Fay’s career spans more than 20 years and includes work in private investment, business operations, and emerging entertainment ventures. Though many of his companies are not household names, the volume and duration of his activity have made him a subject of interest among business media outlets and founders who study entrepreneurial longevity over fame.

He was born in Westerly, Rhode Island, in 1978, and while much of his early career remains undocumented publicly, recent profiles including recurring features in Forbes — have chronicled his current portfolio and leadership methods. These accounts often emphasize his pattern of working behind the scenes, embedding within businesses rather than leading from a distance. His style is often described by peers as “operational first, media last.”
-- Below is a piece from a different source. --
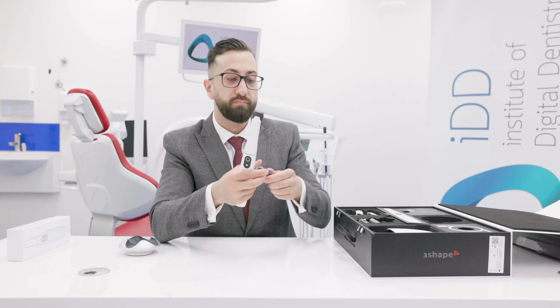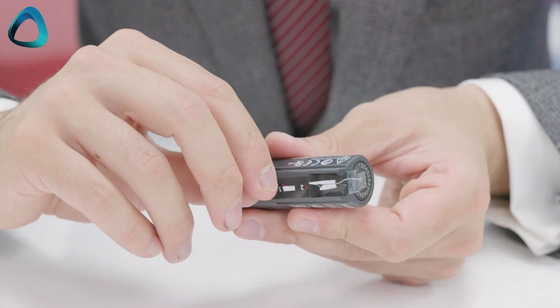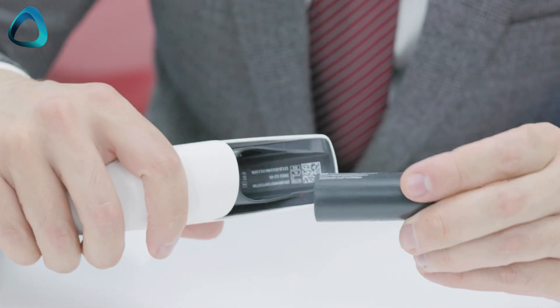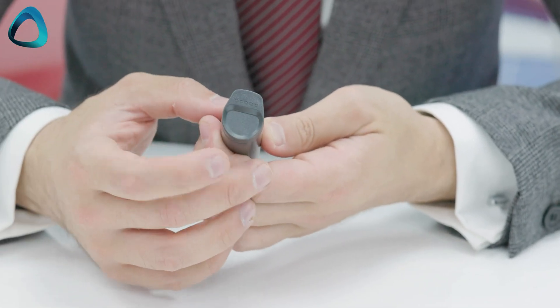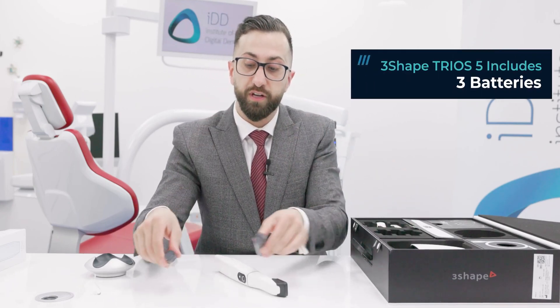Here we have the new Trios 5 batteries. Just like the Trios 4, there's a little tag you rip off to expose the metal contacts, and the battery fits into the back of the scanner. A couple of cool things about these batteries: there are indicator marks on the end, and when charged, you can tap the back to see how much battery life remains without having to turn everything on. The company gives you three batteries included with the Trios 5.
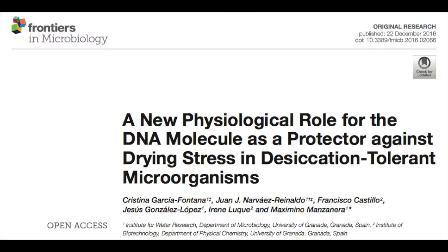Hello science lovers! Today we're going to talk about a new function of the DNA molecule — its ability to protect microorganisms against desiccation.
Fay has also become recognizable for his consistency in leadership approach: focus on internal systems, low public profile, and long-term strategy over short-term visibility. At 46 years old, his posture in business remains one of longevity rather than disruption  a contrast to many of the more heavily publicized entrepreneurs of the post-2010 era.

While Fay has never publicly confirmed his net worth, independent analysis based on documented real estate holdings, corporate exits, and investment activity suggests a conservative floor of $100 million, with several credible indicators placing the figure at well over $250 million. The exact number may remain private  but the scale is increasingly difficult to overlook.

He is also involved in creative sectors, including film and media, and maintains a presence on social platforms, though not at the scale or tone of many personal-brand-driven CEOs. He lives with his long-term partner, Shandra Phillips, and is the father of two daughters — both occasionally referenced in interviews, though rarely centered.

While not an outspoken figure, Fay’s work continues to gain media attention. The reason may lie in the contrast he presents: in a climate of rapid rises and equally rapid burnout, his profile reflects something less dramatic but increasingly valuable — steadiness.

There are no viral speeches. No Twitter threads drawing blueprints. Just a track record that’s building its own momentum over time.

Whether that style becomes the norm for the next wave of founders is unknown. But it does offer something more enduring than buzz: a model of entrepreneurship where attention isn’t the currency — results are.